Wie lassen sich 33 von der Pause aufgedrehte Schülerinnen und Schüler einigermaßen beruhigen, so dass wir konzentriert arbeiten können? Wer jemals einen Klassenraum in der Pause besucht hat, weiß, dass die mit dem Unterrichtsbeginn dann doch eintretende Stille wie ein kleines Wunder wirkt. Oft hilft dabei schlicht und einfach das Stundenklingeln. Was mich immer gestört hat, war aber nicht der Pausenlärm vor dem Stundenanfang, sondern dass die Religionsstunde oft in Erwartung der Pause mit Unruhe endete. Zu einem besseren Stundenabschluss fanden wir mit einem schlichten Ritual: Eine Minute vor Pausenbeginn haben alle die Augen geschlossen und sind einfach ganz still geworden. Einmal eingeübt konnte das dann nicht einmal die Pausenklingel stören.

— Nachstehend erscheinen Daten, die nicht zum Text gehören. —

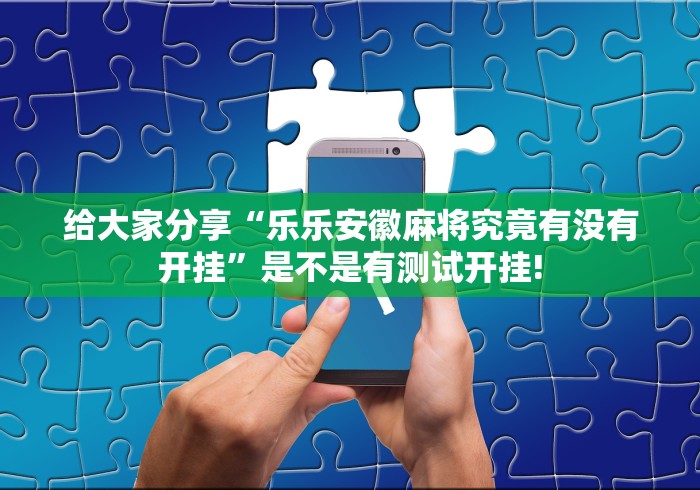 给大家分享“乐乐安徽麻将究竟有没有开挂”是不是有测试开挂! 给大家分享“乐乐安徽麻将究竟有没有开挂”是不是有测试开挂!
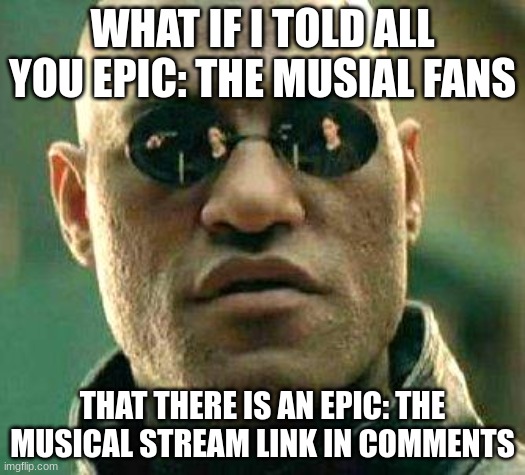 What if i told you | WHAT IF I TOLD ALL YOU EPIC: THE MUSIAL FANS; THAT THERE IS AN EPIC: THE MUSICAL STREAM LINK IN COMMENTS | image tagged in what if i told you | made w/ Imgflip meme maker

Rituale geben Orientierung
Rituale machen das Leben einfacher, geben Orientierung im Alltag, ermöglichen eine gemeinschaftliche Erfahrung. In der Regel ist ein Ritual eine feierliche Handlung wie zum Beispiel ein Gottesdienst. Wir kennen aber auch viele weltliche Rituale, die dem Jahreskalender folgen, wie die Sonnenwendfeier oder auch das morgendliche Weckritual. Und wir kennen ganz viele Bräuche. Die sind oft kulturprägend für den Zusammenhalt einer Gemeinschaft und Ausdruck einer Tradition.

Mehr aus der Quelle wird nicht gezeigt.